On the application of Wentzel–Kramer–Brillouin theory for the simulation of the weakly nonlinear dynamics of gravity waves

Abstract

The dynamics of internal gravity waves is modelled using Wentzel–Kramer–Brillouin (WKB) theory in position–wave number phase space. A transport equation for the phase‐space wave‐action density is derived for describing one‐dimensional wave fields in a background with height‐dependent stratification and height‐ and time‐dependent horizontal‐mean horizontal wind, where the mean wind is coupled to the waves through the divergence of the mean vertical flux of horizontal momentum associated with the waves. The phase‐space approach bypasses the caustics problem that occurs in WKB ray‐tracing models when the wave number becomes a multivalued function of position, such as in the case of a wave packet encountering a reflecting jet or in the presence of a time‐dependent background flow.

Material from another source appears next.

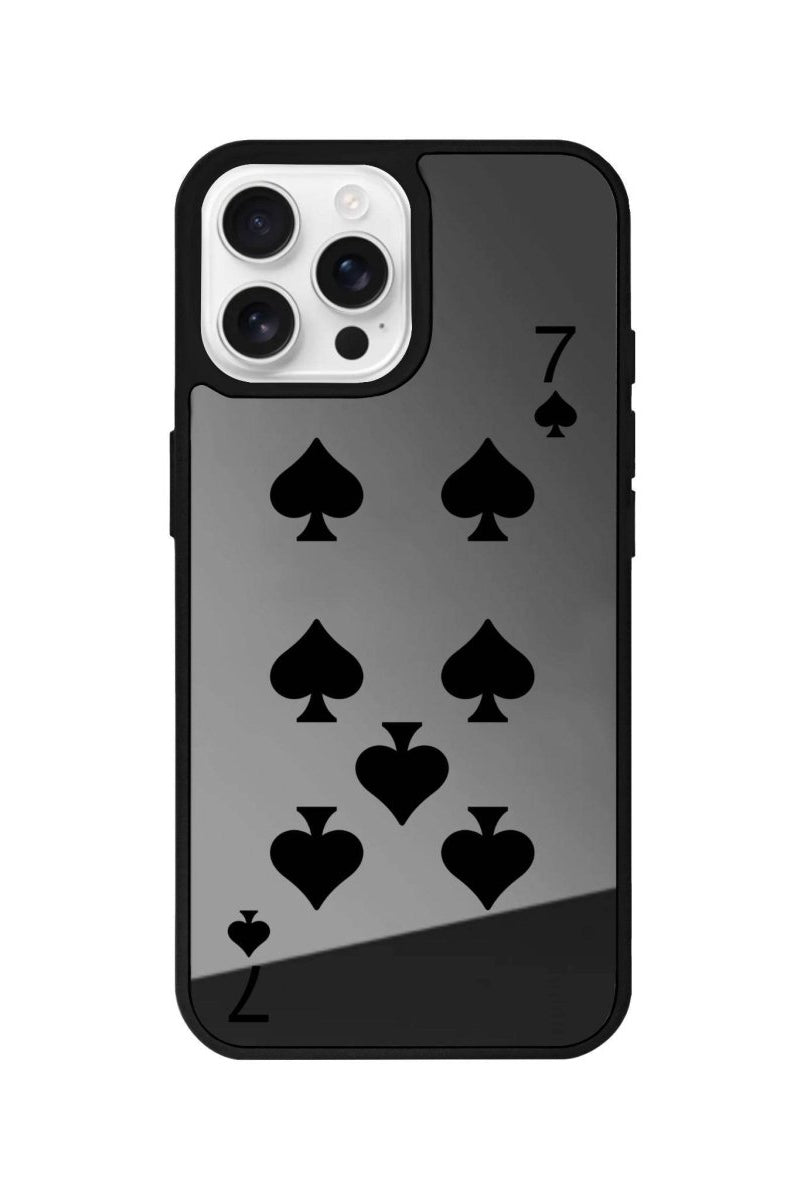 iPhone 16 Pro Spade7 Mirror Aynalı Telefon Kılıfı Antrasit - SUMTHINCS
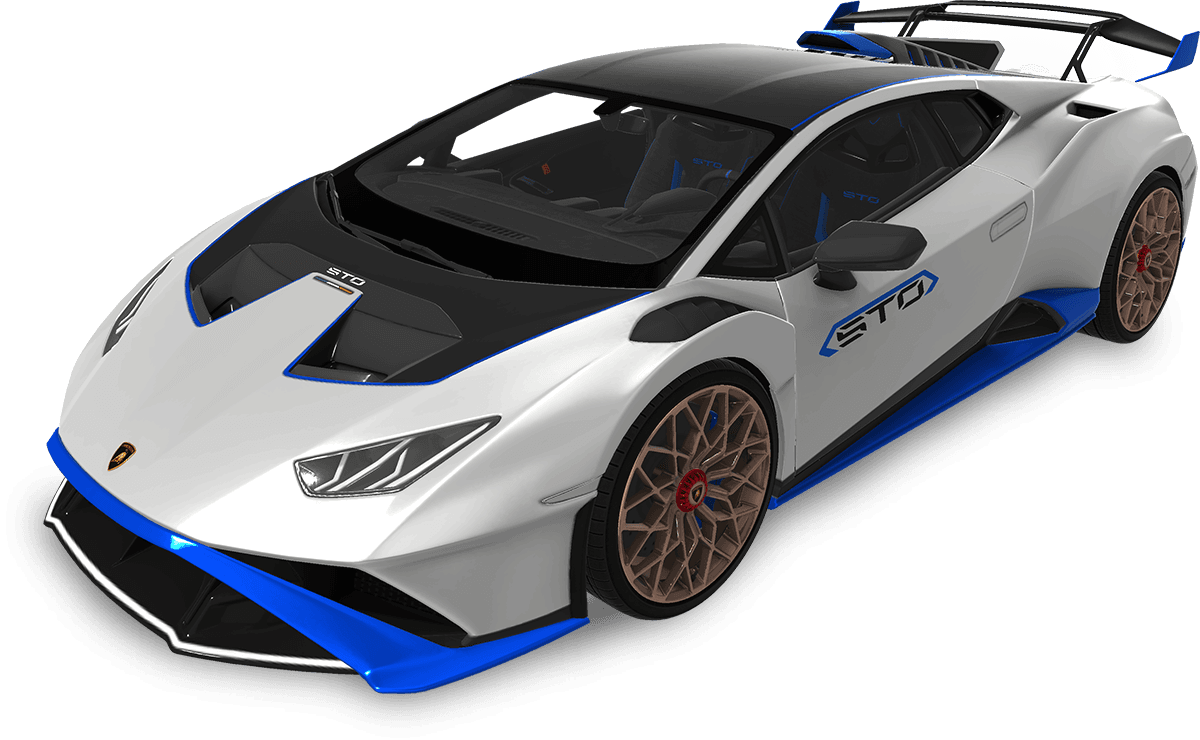 Huracán STO - Bianco Asopo/Blu Le Mans image 1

Two numerical models were developed to solve the coupled equations for the wave‐action density and horizontal mean wind: an Eulerian model using a finite‐volume method and a Lagrangian ‘phase‐space ray tracer’ that transports wave‐action density along phase‐space paths determined by the classical WKB ray equations for position and wave number. The models are used to simulate the upward propagation of a Gaussian wave packet through a variable stratification, a wind jet and the mean flow induced by the waves. Results from the WKB models are in good agreement with simulations using a weakly nonlinear wave‐resolving model, as well as with a fully nonlinear large‐eddy‐simulation model. The work is a step toward more realistic parametrizations of atmospheric gravity waves in weather and climate models.